St. Louis Gave Up on the Admiral Years Ago

The Admiral riverboat (photo from KWMU)

I read with a bit of sadness this weekend the stl today story telling that the Admiral will soon be on its way to the scrap yard where it will be unceremoniously sliced to pieces with cutting torches. But then I thought about it and realized that St. Louisans haven't cared about the Admiral, or the riverfront in general for that matter, for decades. After the almost 40 year stretch of river cruises ended in 1979, the boat was in limbo until 1987 when Six Flags tried to reopen it as an entertainment center which failed miserably. In 1994 the boat was converted to gambling casino. By then, there was almost nothing left on the interior of the boat to tell you that it was once a great art deco cruising vessel. For the next 16 years people came to the not to see the river or admire the Admiral's streamlined stainless steel architecture (which was largely hidden by the goofy light blue mooring structure, but to play the slots or try their luck at the black jack table.

Admiral Cruise
An early cruise aboard the Admiral. Photo from a Post-Dispatch gallery

After Pinnacle closed the boat last year, there was plenty of opportunity for someone to buy the Admiral and come up with a creative re-use for it. It was even on ebay for a while! But no one came through for the shiny symbol of years past. To my grandparents and somewhat my parents generation, the Admiral was one of THE places to go for fun, as was Gaslight Square. Like Gaslight Square though the luster of the Admiral faded and like Gaslight Square, most of the later generations including ours were oblivious to the to the former shining stainless steel star of the riverfront and ambivalent about the vessel's ultimate fate.

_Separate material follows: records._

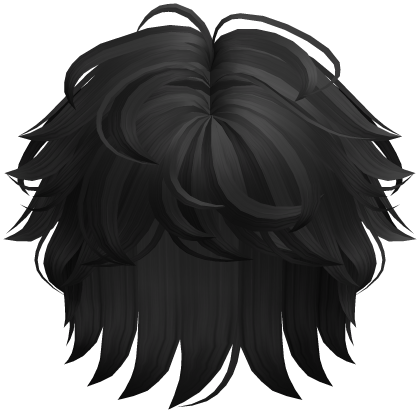 Fluffy Messy Boy Hair (Black) thumbnail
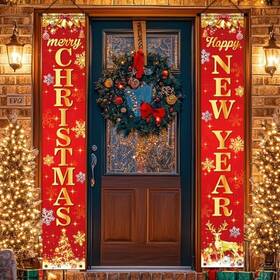 Nutolydecor 717181211131 Christmas Door Decorations Banner Red And Gold Porch Sign Merry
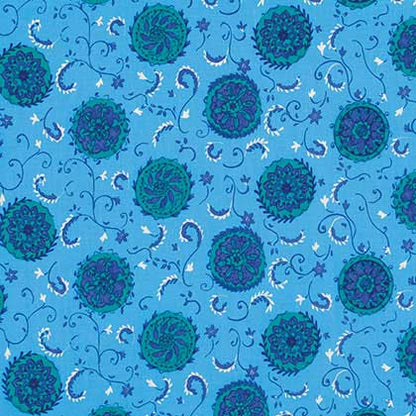 A repeating fabric pattern featuring teal and dark blue mandala-like floral motifs on a bright blue background, accented with small white stars and curved vine details.
[additional_image_link]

The story of its demise is listed in stl today's "most read stories" column, but I'd be interested to see the average age of the readers. I went to the fixture sale a few months ago and it seemed there were only a few like me who simply came to see the Admiral, most were milling around trying to get a bargain on crappy furnishings and equipment. St. Louis had its chance to see the Admiral carry on to some new life for future generations to enjoy, but instead it let that chance simply float away down the river.


Robert Powers said...

Thank you for posting this. I haven't had the heart to post anything myself... or maybe I just can't believe this is actually happening. What a catastrophe.

Amy in StL said...

My mom tells a story about going on a date aboard the Admiral and discovering when she got there that her new dress almost exactly matched the wallpaper behind her.

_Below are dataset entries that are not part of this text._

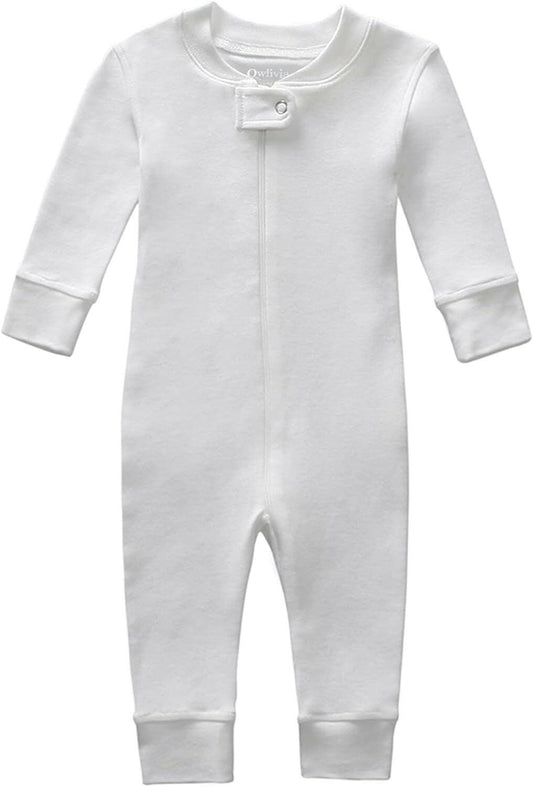 Organic Cotton Baby Boy Girl Zip up Sleep 'N Play Pjs, Footless, Long Sleeve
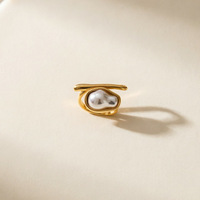 Bague ouverte minimaliste en acier inoxydable plaqué or 18 carats avec perle baroque Alien, bijoux de mode inaltérables pour femme, cadeau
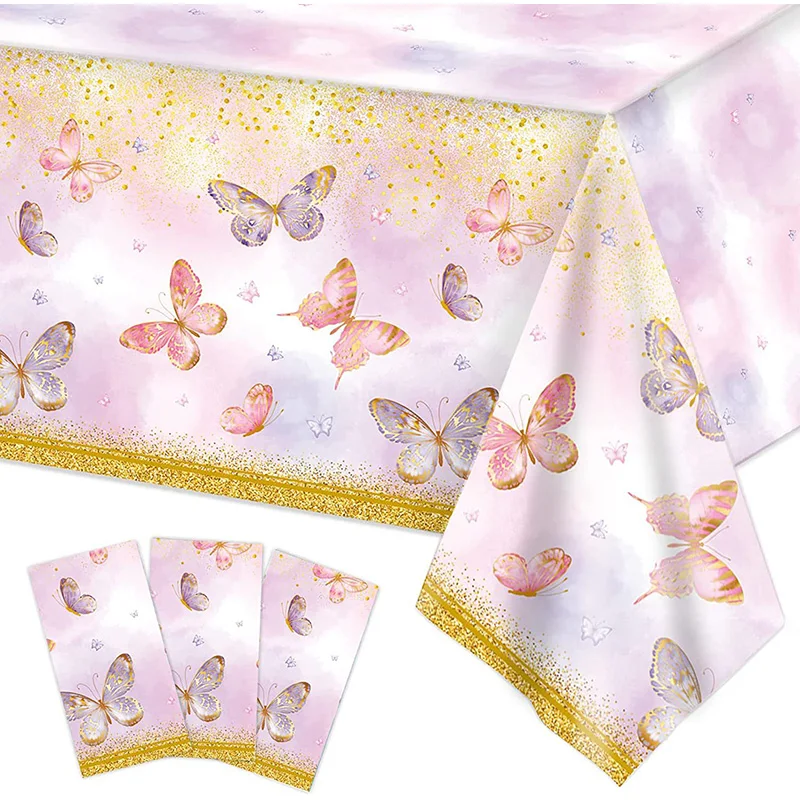 Butterfly Disposable Tablecloth Plastic Rectangular Spring Butterfly Birthday Table Cover Happy 1st First Birthday Party Decor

I think part of the problem was finding someplace for someone to put the Admiral. I honestly thought it would eventually end up by Concreteland in North City.

Anonymous said...

I went to Horace Mann Elementary School from 1965-1973 (K-8), later graduating from Roosevelt High School in 1977, and took dance lessons all those years just across the street (from Mann) at Miss Hadley's Dance Studio. Our dance recitals in those later years were on The Admiral, which was such a wonder-filled experience - it was magical.

I grew up in a real community and have fond memories of such a wonderful, steadfast, architecturally rich and true immigrant city. Reading of the lack of appreciation and respect for the history of St. Louis buildings and communities saddens me, and current and future generations are truly missing out. Keep fighting to keep the foundations and keep telling their stories - our stories.

Anonymous said...

We were talking about the admiral at work and telling stories about the times we used to go on her. It was glamorous. People wanted to look nice and enjoy themselves. I danced on the admiral with a dance troop in the afternoon's. My biggest memory of how impressed I was as a child was the bathrooms. It was like in the movies. Down stairs there were all different machines for kids to play. Something for everyone. Sorry the young people won't be able to have the wonderful memories.